1. It is not good for you.
It's 2018. You've seen the documentaries, read the books, heard the research: The food you buy at drive-thrus or chain restaurants is bad for your body. They can be calorically dense, greasy, high in sodium, low in nutrients, and the more you eat out the more addicted you get to the food combos offered. Then you decide you could really use a cold drink to chase that high-in-sodium meal and ope! Now you're addicted to drinking soda—more empty calories and oh wow! Tooth decay!
2. It is not helping your figure.
photo from flickr
Not only does the food offered at eateries usually contain more calories, but they usually also leave you feeling tired. You know when you eat a giant turkey feast on Thanksgiving and feel the need to take a nap about a half hour later? It's like that. So as you get stuck in the habit of eating food that's high in carbs and fat and spending the rest of the day fatigued and lethargic, you don't feel motivated to go out and exercise or even just take a quick walk around the block.
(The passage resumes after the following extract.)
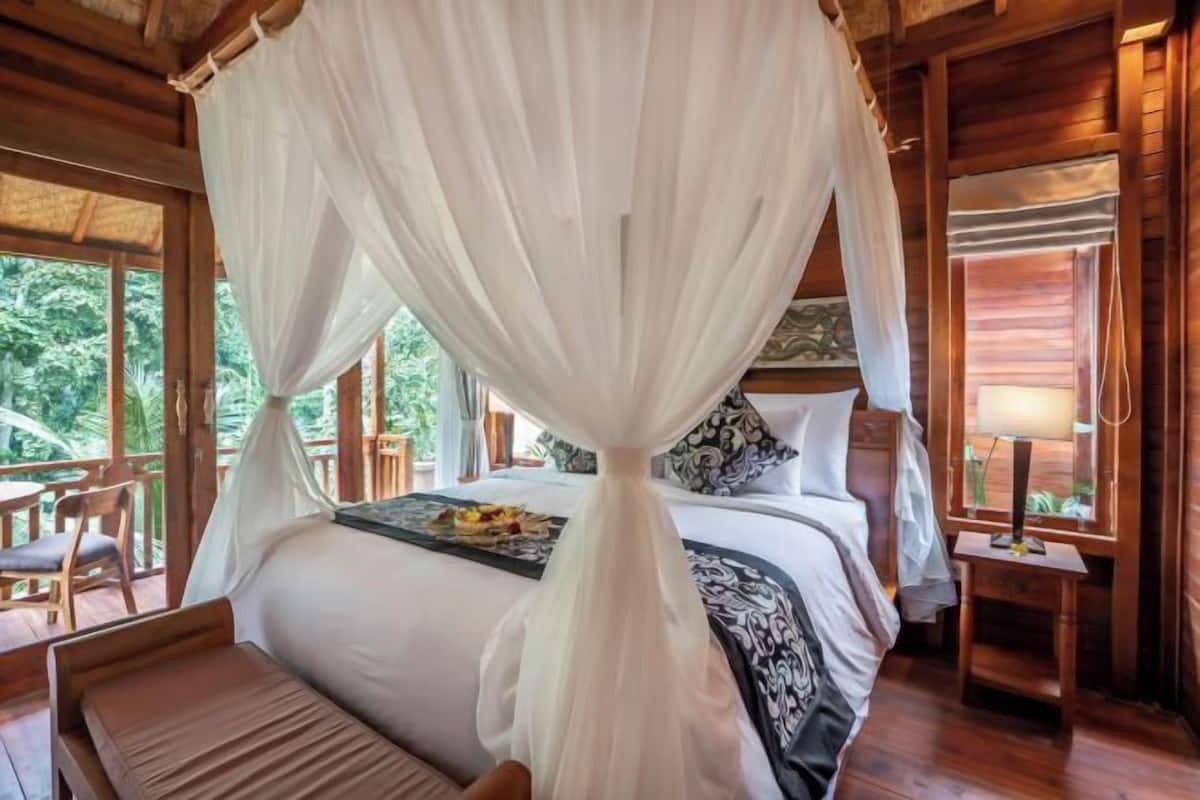 Una habitación con cama con dosel, una mesa de comedor y vistas al exterior.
Oftentimes, people might go to the gym and do hours of cardio but not lose the weight they think they should be. The solution more often than not lies with your diet. What you eat is so much more important than how many miles you run.
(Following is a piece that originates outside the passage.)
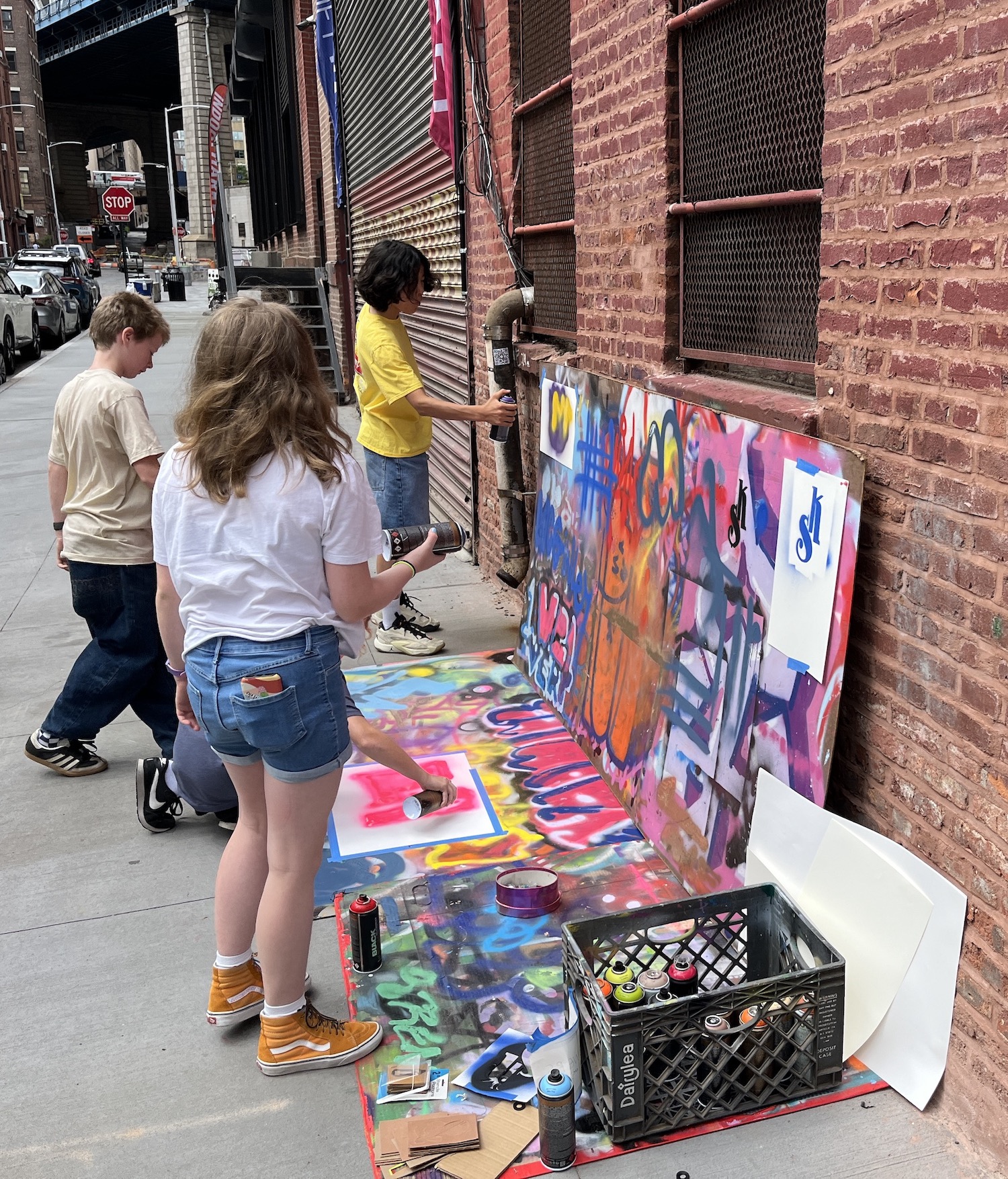 A group of kids painting on the side walk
3. You are not doing your wallet any favors.
photo from flickr
So you can spend on average about $20-40 a week on groceries for one and that will get you through a whole week - 21 meals worth of food. Now on average, getting a meal at a restaurant we will say costs between $8-10, which comes to about $168-210 a week. Wow, want an easy way to cut your food expenses down to a tenth of what they are now! Stop eating out! Think about what you could do with all that extra money each week!
4. It is wasteful.
photo from flickr
Okay, so you are running late in the morning and hop in the drive-thru and order some McBreakfast. Your flapjacks come in a plastic container with plastic utensils with a plastic syrup container, a fistful of paper napkins in a paper bag with either a to-go cup and a plastic straw or a plastic water bottle. All the while, your car engine is idling spewing out gas emissions.
If you really want to eat out at your favorite fast food place, park your car and go inside. Surprisingly, it tends to actually be faster than driving through anyway. It also gives you more control over how much plastic you use because you can refuse plastic utensils and straws before they go in the bag. Some restaurants will even give you dishware for your meal instead of plastic alternatives.
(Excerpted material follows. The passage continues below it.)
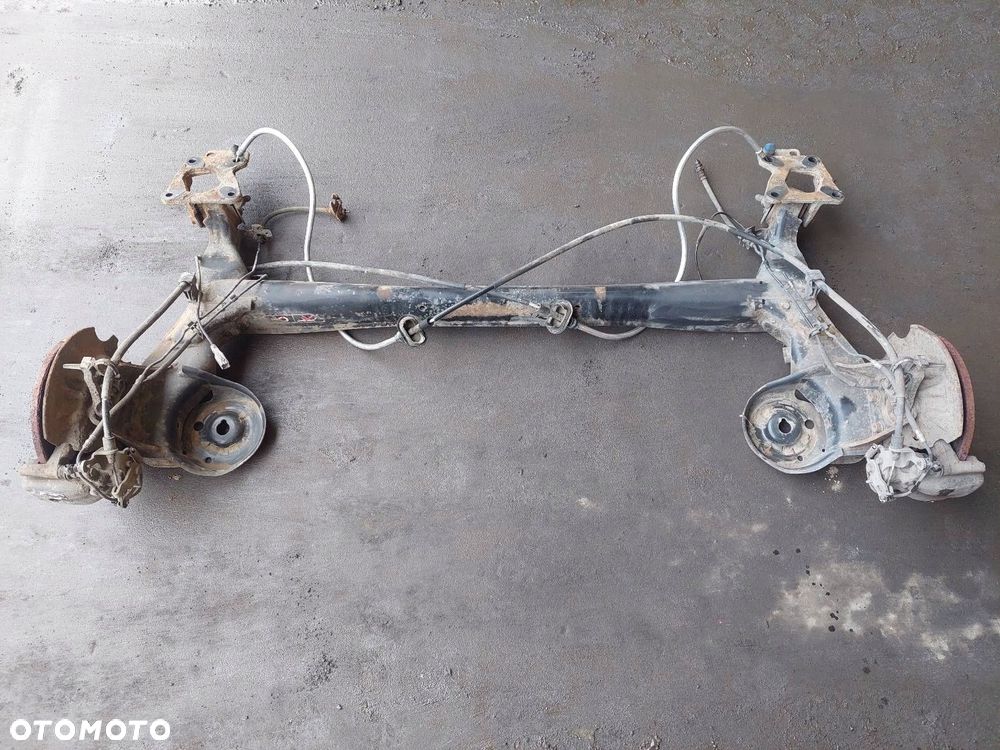 BELKA OŚ ZAWIESZENIA TYŁ TARCZE Z ABS CITROEN BERLINGO II PARTNER II - 1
Don't get me wrong, I am not saying that the consumer is the one who is being wasteful here. It is 100% the corporations, but you can choose to support them or not based on how you spend your dollars. I'm not saying you have to go to your local farmer's market on the weekend—if you can, you go, hon!—just try to be a more mindful and ethical consumer. You'll be saving so much by not eating out that you can afford to splurge that extra dollar on more ethical grocery options.